Scraped caption text data:
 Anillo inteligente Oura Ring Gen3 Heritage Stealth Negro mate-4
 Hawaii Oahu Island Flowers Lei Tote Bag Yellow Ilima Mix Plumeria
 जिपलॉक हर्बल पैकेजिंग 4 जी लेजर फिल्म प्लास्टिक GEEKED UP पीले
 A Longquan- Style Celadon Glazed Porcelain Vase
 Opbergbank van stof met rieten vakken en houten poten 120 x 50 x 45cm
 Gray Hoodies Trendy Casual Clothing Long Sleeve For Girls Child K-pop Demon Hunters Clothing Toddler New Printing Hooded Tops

**ASSIGNMENT:**
Restate every line of the data word for word.

**RESULT:**
 Anillo inteligente Oura Ring Gen3 Heritage Stealth Negro mate-4
 Hawaii Oahu Island Flowers Lei Tote Bag Yellow Ilima Mix Plumeria
 जिपलॉक हर्बल पैकेजिंग 4 जी लेजर फिल्म प्लास्टिक GEEKED UP पीले
 A Longquan- Style Celadon Glazed Porcelain Vase
 Opbergbank van stof met rieten vakken en houten poten 120 x 50 x 45cm
 Gray Hoodies Trendy Casual Clothing Long Sleeve For Girls Child K-pop Demon Hunters Clothing Toddler New Printing Hooded Tops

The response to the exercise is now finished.